:: Action item ::
Restate word for word the lines of the material below, from the line with "Fronttürmodul Steuergerät Fahrerseite für" to the line with "4MOTION Alltrack #25", both lines included, and no others.

-------- Provided entries

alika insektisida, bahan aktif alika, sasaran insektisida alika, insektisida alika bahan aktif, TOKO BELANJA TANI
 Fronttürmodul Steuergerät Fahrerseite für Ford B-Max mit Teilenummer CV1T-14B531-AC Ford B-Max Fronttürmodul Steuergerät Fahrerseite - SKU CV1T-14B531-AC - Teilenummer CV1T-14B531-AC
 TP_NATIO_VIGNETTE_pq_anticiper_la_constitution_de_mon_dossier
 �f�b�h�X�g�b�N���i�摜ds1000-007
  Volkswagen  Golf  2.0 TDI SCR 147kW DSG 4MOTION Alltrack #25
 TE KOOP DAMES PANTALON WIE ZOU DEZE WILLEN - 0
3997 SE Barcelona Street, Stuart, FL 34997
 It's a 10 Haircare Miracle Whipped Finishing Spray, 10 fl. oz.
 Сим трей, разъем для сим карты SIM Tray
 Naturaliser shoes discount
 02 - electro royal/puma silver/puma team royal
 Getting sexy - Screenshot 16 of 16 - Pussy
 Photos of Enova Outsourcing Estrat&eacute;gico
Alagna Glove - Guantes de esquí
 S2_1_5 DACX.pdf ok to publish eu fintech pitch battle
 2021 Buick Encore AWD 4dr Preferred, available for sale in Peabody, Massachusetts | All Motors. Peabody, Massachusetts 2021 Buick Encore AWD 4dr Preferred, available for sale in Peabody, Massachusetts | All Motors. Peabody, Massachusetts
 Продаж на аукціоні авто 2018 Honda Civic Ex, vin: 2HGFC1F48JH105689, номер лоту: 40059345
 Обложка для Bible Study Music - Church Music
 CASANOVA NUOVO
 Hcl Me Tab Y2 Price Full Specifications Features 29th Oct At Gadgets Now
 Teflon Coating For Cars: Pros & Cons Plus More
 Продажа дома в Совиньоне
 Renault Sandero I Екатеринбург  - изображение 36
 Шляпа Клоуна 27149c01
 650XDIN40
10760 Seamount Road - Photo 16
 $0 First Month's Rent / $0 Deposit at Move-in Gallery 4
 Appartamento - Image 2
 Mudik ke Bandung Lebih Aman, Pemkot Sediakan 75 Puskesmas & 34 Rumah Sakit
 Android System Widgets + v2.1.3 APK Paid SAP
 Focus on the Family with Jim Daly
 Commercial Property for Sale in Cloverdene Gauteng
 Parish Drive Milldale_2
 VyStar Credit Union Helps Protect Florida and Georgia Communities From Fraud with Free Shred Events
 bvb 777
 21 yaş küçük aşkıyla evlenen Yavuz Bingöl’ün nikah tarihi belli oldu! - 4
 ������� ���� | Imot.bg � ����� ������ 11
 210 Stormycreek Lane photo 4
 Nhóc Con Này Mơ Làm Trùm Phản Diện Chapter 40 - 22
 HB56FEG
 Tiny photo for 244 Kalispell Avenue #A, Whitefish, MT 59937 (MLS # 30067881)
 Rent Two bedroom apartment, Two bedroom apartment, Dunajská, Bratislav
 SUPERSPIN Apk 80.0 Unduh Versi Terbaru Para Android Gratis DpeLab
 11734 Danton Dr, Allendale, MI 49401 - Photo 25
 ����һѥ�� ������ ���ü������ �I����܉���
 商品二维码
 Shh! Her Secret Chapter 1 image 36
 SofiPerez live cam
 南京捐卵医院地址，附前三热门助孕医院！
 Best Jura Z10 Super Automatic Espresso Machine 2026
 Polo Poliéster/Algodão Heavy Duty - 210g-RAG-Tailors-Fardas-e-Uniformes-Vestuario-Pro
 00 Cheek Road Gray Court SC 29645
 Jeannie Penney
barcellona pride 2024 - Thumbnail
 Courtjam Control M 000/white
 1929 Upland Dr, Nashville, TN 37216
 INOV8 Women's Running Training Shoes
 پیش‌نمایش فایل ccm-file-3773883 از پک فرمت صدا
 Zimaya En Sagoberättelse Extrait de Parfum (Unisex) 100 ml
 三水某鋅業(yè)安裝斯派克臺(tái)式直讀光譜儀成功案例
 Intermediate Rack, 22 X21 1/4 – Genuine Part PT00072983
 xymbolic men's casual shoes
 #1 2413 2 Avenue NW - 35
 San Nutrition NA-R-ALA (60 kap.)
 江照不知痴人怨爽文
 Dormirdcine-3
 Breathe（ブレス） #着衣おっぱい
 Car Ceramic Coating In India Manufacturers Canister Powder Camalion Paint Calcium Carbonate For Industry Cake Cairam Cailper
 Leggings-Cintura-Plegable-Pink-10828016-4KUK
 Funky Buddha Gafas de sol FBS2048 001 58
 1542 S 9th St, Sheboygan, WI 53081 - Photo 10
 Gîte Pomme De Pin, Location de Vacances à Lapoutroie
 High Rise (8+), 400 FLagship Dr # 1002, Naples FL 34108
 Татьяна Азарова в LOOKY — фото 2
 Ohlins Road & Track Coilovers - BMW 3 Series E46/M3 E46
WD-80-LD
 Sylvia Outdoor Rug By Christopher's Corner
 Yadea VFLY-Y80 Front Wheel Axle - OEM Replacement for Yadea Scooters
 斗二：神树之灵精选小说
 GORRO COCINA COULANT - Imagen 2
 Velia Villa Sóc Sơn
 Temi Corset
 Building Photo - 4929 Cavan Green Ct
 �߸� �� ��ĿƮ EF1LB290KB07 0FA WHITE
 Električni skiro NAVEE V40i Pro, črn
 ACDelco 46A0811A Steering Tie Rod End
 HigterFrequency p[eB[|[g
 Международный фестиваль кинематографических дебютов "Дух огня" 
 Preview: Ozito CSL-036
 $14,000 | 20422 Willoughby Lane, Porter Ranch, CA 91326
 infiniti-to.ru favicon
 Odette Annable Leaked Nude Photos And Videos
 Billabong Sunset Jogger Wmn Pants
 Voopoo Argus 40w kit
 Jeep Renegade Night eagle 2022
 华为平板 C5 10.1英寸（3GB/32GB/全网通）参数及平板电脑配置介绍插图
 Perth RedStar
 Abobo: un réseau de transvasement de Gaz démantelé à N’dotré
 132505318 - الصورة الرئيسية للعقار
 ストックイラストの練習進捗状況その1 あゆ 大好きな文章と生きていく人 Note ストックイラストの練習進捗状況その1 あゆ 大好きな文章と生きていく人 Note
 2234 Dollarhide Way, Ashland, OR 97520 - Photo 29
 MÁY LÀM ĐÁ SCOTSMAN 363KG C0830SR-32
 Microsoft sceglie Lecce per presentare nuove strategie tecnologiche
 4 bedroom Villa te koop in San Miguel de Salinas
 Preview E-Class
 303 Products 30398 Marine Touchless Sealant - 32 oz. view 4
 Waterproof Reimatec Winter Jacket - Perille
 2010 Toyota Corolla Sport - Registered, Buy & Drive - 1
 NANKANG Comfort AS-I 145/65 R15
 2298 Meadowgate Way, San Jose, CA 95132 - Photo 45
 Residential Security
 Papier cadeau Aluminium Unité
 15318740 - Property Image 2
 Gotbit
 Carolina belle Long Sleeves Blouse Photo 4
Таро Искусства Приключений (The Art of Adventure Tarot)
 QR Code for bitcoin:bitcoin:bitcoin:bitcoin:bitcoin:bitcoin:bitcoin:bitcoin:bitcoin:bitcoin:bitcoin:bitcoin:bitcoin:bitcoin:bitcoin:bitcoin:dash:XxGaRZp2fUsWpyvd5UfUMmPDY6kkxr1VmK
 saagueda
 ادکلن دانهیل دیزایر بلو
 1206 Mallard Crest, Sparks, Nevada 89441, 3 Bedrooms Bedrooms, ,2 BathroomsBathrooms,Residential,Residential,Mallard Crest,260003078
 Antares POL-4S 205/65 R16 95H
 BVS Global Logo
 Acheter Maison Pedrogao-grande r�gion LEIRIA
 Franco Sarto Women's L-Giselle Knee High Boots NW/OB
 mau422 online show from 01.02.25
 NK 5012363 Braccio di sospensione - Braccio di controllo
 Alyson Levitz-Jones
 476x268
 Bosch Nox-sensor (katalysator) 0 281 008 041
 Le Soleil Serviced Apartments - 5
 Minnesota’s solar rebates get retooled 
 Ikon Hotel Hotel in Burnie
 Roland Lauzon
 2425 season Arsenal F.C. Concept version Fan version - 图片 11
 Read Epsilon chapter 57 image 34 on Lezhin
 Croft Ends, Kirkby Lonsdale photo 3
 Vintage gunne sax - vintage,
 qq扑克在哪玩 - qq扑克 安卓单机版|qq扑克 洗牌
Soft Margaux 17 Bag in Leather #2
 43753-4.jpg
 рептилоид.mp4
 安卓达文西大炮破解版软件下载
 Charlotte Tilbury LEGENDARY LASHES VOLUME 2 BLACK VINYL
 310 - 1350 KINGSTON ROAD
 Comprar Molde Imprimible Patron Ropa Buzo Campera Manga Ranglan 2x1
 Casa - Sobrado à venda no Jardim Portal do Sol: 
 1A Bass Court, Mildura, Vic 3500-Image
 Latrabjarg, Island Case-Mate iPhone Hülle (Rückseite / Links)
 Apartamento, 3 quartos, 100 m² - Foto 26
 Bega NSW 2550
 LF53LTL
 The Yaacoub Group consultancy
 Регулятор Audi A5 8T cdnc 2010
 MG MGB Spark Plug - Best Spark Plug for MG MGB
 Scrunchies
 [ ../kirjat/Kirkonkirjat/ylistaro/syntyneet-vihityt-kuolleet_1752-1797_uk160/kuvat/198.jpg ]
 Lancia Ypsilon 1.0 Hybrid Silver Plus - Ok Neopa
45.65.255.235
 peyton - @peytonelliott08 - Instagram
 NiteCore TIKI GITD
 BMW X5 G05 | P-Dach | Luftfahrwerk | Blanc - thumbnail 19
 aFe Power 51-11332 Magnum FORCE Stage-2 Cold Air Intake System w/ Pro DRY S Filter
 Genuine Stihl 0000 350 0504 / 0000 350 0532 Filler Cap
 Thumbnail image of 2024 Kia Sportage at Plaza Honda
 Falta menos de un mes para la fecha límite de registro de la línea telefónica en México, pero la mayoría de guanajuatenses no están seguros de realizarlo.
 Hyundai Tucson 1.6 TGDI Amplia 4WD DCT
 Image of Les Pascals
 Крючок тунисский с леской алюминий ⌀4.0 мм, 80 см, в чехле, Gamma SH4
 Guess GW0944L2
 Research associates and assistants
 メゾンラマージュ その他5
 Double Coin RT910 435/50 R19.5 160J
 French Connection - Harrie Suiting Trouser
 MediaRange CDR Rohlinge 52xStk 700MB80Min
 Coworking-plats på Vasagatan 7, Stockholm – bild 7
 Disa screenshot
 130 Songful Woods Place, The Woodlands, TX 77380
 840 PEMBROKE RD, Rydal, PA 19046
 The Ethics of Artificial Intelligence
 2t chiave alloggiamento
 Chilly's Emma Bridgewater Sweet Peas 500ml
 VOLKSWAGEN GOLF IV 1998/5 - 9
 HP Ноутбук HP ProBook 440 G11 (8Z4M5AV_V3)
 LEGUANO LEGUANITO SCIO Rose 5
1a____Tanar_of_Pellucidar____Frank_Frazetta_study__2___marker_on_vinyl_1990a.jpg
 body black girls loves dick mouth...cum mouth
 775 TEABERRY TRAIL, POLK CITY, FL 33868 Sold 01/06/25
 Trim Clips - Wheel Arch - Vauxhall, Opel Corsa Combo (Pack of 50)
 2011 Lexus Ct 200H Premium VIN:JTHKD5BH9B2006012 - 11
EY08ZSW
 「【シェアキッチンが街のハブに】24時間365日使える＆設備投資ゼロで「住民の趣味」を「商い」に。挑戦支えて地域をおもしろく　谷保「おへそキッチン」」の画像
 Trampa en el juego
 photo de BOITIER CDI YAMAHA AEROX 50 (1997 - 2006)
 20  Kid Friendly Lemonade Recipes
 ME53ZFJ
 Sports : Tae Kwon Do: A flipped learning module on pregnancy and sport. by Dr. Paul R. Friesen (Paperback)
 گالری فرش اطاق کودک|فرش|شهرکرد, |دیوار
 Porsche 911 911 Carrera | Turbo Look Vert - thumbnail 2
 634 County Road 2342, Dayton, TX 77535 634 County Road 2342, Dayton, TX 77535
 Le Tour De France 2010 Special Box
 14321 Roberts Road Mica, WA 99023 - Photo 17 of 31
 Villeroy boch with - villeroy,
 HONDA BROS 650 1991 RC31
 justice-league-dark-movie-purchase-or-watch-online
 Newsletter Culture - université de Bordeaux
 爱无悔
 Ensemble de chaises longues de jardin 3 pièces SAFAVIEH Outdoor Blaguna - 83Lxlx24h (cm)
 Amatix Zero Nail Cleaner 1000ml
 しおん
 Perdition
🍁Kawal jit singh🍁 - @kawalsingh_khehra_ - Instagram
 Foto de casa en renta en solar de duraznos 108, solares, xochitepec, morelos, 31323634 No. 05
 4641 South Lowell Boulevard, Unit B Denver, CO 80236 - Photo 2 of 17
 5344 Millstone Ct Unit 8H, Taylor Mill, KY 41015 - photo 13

----------------

:: Answer area ::
 Fronttürmodul Steuergerät Fahrerseite für Ford B-Max mit Teilenummer CV1T-14B531-AC Ford B-Max Fronttürmodul Steuergerät Fahrerseite - SKU CV1T-14B531-AC - Teilenummer CV1T-14B531-AC
 TP_NATIO_VIGNETTE_pq_anticiper_la_constitution_de_mon_dossier
 �f�b�h�X�g�b�N���i�摜ds1000-007
  Volkswagen  Golf  2.0 TDI SCR 147kW DSG 4MOTION Alltrack #25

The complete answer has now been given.